14/03/2026
THE BELL THAT SWALLOWED SOUND
Chapter 7: The Final Silence
Chioma stared at the bell for hours.
The merchant’s warning echoed: “If the ghost touches you for real, it’s over.”
But the cold brush on her arm last night had felt too real. Too much like Obinna’s hand when he used to pull her close after a long day.
She was tired.
Tired of fighting the noise outside.
Tired of the half-memories that slipped away like sand.
Tired of waking up to an empty bed and wondering who used to fill it.
“Just one more time,” she whispered to the empty parlour. “Make everything stop. No more pain. No more ghosts. Nothing.”
Her fingers closed around the handle. The iron was warm now, almost feverish, like it had been waiting for this.
She rang it.
TING!
The silence came fast, deeper than ever before.
No okada horns in the distance.
No children laughing.
No wind through the mango tree.
No heartbeat in her own chest.
She pressed a hand to her breast — nothing. Just stillness so complete it felt like drowning in glass.
Chioma sat on the floor, back against the wall, and let it wash over her.
For the first time, there was no grief clawing at her throat.
No flashes of the truck crossing the median.
No last text: “Buy groundnut for me, Nne.”

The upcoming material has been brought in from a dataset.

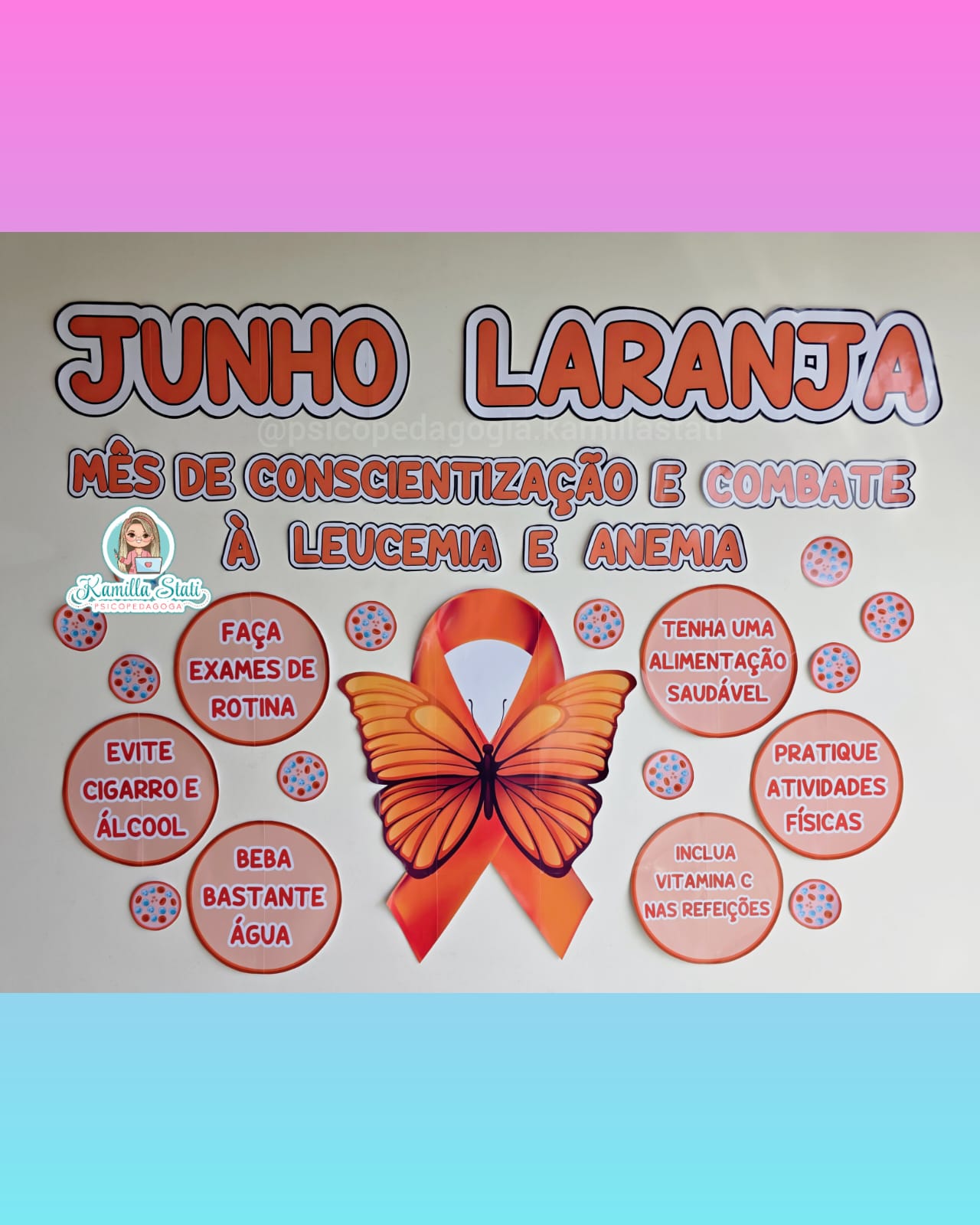 Painel junho laranja 1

No proposal in the Enugu restaurant.
No laugh that used to make her stomach flip.
All of it… gone.
She tried to summon something — anything.
A name.
A face.
A feeling.
Nothing came.
She looked down at her left hand. A thin gold band sat on her fourth finger — simple, worn from years of soap and sweat. She stared at it like it belonged to someone else.
Who put this here?
Why was she wearing a wedding ring?
The question floated in the silence, unanswered.

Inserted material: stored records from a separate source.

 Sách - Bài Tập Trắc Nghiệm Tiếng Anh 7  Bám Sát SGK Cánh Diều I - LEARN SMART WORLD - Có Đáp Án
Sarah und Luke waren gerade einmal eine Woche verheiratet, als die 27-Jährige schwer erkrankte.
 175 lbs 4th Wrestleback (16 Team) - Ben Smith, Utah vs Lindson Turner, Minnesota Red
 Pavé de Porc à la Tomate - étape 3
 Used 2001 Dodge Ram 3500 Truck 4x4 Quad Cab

She stood up slowly, legs shaky, and walked to the small mirror on the wall. A woman looked back — tired eyes, lines around the mouth from smiling at someone who no longer existed in her mind.
She touched the ring, twisted it once.
Nothing stirred. No memory. No ache.
The bell on the table pulsed once, softly, like a satisfied sigh.
Chioma smiled — small, empty, peaceful.
She had won.
Or had she lost everything?
Outside, the world kept moving — people shouting, generators coughing, life refusing to pause.
But inside her house, and inside her head, there was only silence.
And in that silence, she no longer knew who she had been married to.
Or if she had ever been married at all.